Nelle forme più stravaganti sortite dalla fusione emergevano dalla ceneri grandi quantità di alluminio, rame e stagno che, col ferro assai meno costoso ma più abbondante, parvero come una sorta di miniera per noi bambini che per molti giorni ancora ci dedicammo alla raccolta del metallo per venderlo al rigattiere di Bova Marina. A piangerlo furono i vecchi proprietari di quello che furono quelle cose alcuni dei quali persero proprio tutto
Sistemati sin da subito (da parte delle autorità) in alloggi di fortuna i senza tetto, al “campo” si tornò rapidamente alla normalità. Col relativismo tutto casalinovita nessuno fece una tragedia per la roba perduta. Il ragazzo ferito – tale Fortunato Modafferi - guarì senza conseguenze sulla salute. I giovani - cresciuti nel mito dell’azione – trovarono nell’accaduto motivi di contentezza per avere dato buona prova di sé. Tra quelli che videro il bicchiere mezzo vuoto (o vacante del tutto) le vecchiette timorate di Dio videro nel fatto il disappunto del Padreterno per i troppi comunisti in circolazione. Dello stesso tenore Don Miotti che dal pulpito della sua chiesa, da dove ne aveva dette di cotte e di crude, ebbe motivo di aggiungere altra carne sul fuoco alle già ardimentose prediche sulle storture nella comunità.
La rota
Non di meno anche la Rota ebbe tanti nuovi argomenti da portare in discussione. Il grande cerchio degli uomini detto comunemente “‘rota” si formava tutti i giorni nelle ore fuori dai pasti in un punto o l’altro del viale. Essa era da noi una vera istituzione la cui funzione era riflessa nella forma stessa: un cerchio perfetto di una linea sola di persone. Gli ammessi di fatto erano esclusivamente maschi adulti ai quali si apriva e richiudeva a ogni nuovo arrivato, ricomponendosi sempre allo stesso modo. Quale luogo di intrattenimento - anche ludico - e di conversazione era all’occorrenza anche biblioteca dei ricordi e scuola paesana dove si discuteva di qualunque cosa tranne che di sport. L’attualità era nel caso il pezzo forte e si parlò allora per giorni e giorni delle vicende del fuoco. L’”istituto”, per la sua stessa forma e natura funzionava da punto di mediazione per ricucire attraverso il ragionamento e il confronto le discrepanze nella comunità. Funzionando senza “funzionari” si reggeva equilibrata nel fatto che ognuno poteva dire quello che voleva ma sempre mettendoci la faccia, assumendosi le proprie responsabilità.

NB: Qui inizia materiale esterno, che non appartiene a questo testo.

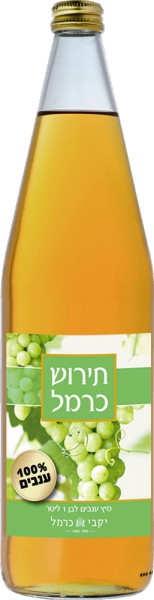 תירוש לבן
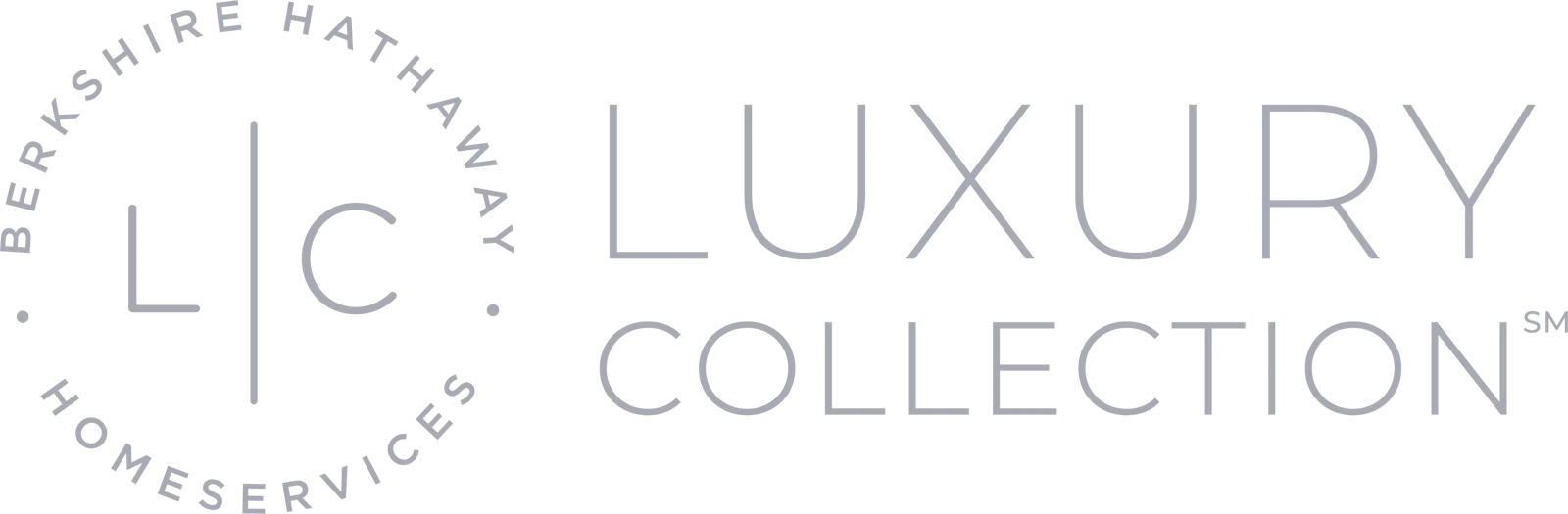 Berkshire Hathaway HomeServices Luxury Collection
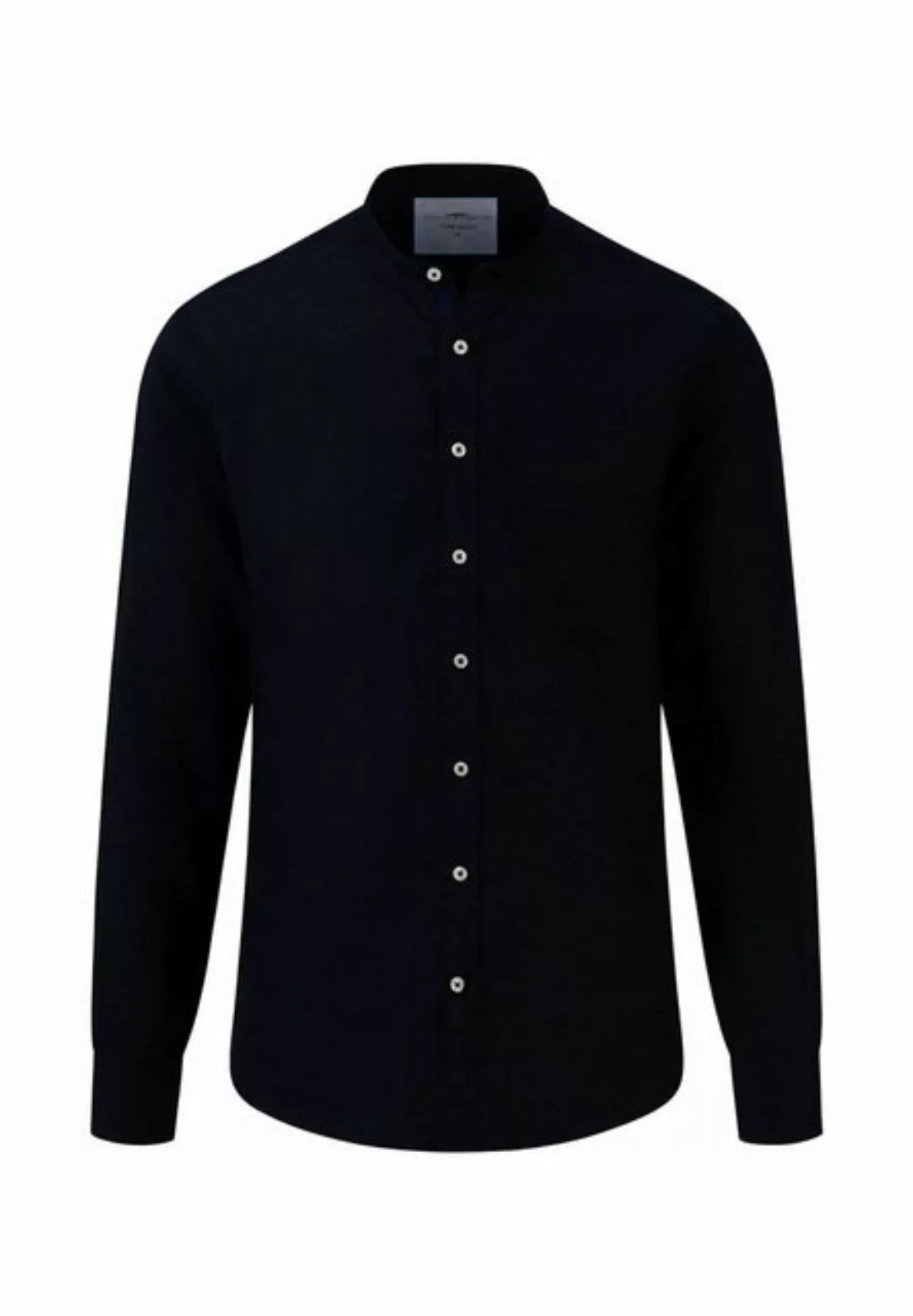 FYNCH-HATTON Langarmhemd Hemd Langarmhemd (1-tlg) günstig online kaufen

“Conservare la faccia” era tutto, e siccome la ragione andava anche con chi sapeva pigliarsela alla Rota in quei giorni andò a comparire anche quel capofamiglia della partenza del fuoco. Egli, che per altro era una brava e stimata persona e tra gli assidui della rota stessa, espose al meglio la sua narrazione dei fatti a scanso di colpe sue e dei suoi famigliari: i colpevoli? la sfortuna che ci perseguitava e una tragica fatalità! A chi allora gli rimproverò di non aversi tolto rapidamente la giacca per soffocare con quella la prima fiammata di fuoco , egli si giustificò col fatto di indossare al momento una giacca nuova di sarto e che sarebbe stato un vero peccato rovinarla! A voler essere pignoli c’era stato anche il poco edificante episodio dell’altra sua roba salvata mentre il fuoco si prendeva quella degli altri ma, per quanto incredibile, la giustificazione venne ritenuta ammissibile: tutto sommato c’è l’eravamo cavata alla grande, la ROTA assolse anche lui e tutto passò in cavalleria.